Acts Life Group Study Series Introduction
What is a Christian?
What is a church?
How would you answer these questions?
In 1636, Harvard University was founded with the mission of teaching students that “the main end of your life and studies is to know God and Jesus Christ.” At the 350th anniversary celebration of Harvard, Larry Summers, the former president of Harvard, confessed, “Things divine have been central neither to my professional nor to my personal life.” Today, Harvard does something very different from its founding purpose. What happened? Mission drift. From the YMCA to the Quakers, mission drift is a very serious problem for Christians and churches.
If a compass bearing is altered by just a few degrees, it may not be obvious immediately, you may not even notice, but after a few days, weeks, months, even years, you can find yourself having drifted way, way off course – somewhere you don’t want to be.

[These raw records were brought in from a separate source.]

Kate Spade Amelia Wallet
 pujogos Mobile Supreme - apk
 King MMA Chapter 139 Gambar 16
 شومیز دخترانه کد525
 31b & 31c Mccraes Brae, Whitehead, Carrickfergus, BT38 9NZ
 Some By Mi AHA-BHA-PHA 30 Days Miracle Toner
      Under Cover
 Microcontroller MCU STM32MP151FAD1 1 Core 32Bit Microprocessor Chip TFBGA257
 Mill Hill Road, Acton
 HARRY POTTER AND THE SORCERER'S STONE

That’s why we need to set our compass bearing on Christ when answering these questions. Particularly since some wrongly think a Christian is a ‘good person’ falling into the trap of defining faith by behaviour not belief. Others adopt a consumerist definition emphasising what they get from Christ; adoption, redemption, forgiveness, wisdom and understanding (as we learnt in the last series). Although of course partly true, this is a skewed, even selfish perspective, since, the word Christian originates from outsiders (non-Christians) using it as a reproach (Acts 11:26; 26:28; 1 Peter 4:16) in contempt towards the first Christians being like their founder Jesus Christ, who shamefully came on mission to suffer a criminal’s death for our salvation. To the Gentile (non-Jewish mind) the mission of God in the cross was “foolishness” but for the believer it should be our life’s focus.
The God we worship is a missionary God. He came on mission in the person of Jesus. He moved into our neighbourhood, leaving the glory of heaven for our sin-soaked world. He faced criticism, opposition and suffering as He lived on mission, proclaiming and demonstrating the kingdom of God, even sacrificing His life that many might enter in. This is what a Christian should be like. This is what a church should embody. A church’s true and authentic organising principle and purpose should be mission.
In Acts 1:1-11 Jesus makes this plain. “Be my witnesses” He says. ‘Testify to the truth about me with words, works and wonders. Proclaim and reveal the kingdom of God, just as I did, and do it locally, regionally and globally. This is why I am sending you the Holy Spirit, to give you power for mission.’ Only, the disciples seemed preoccupied with themselves, asking when the kingdom would be restored to them, when God was urging them to reveal the kingdom to others. Isn’t this what can happen in the church? We think and act like consumers instead of distributors but the favour God has given us is also for the people around us. It’s time we stopped aimlessly “looking into the sky” allowing ourselves to become distracted like these disciples, and drift off course. The Christian life isn’t actually about increasing the theological circumference of your brain but becoming more like Jesus, the Messianic missionary we’re meant to be following. Jesus said, “As the Father has sent me, I am sending you.” (John 20:21) You are a sent one. This is a core part of your Christian identity.
There have been times in our church’s history when attenders did little more than warm a pew. They came from far and wide for their ‘fix’ of good teaching but failed to play their part in our church’s mission. Today, we are called to “bring the kingdom of God to the heart of the nation”. The fullness of heaven filling earth. Kingdom words, works and wonders transforming London, the nation and the nations. This series, therefore, is designed to help us act out our faith; to put it into practice, to let the rubber hit the road, as we live out the missionary identity God has given us. The question is, will you play your part?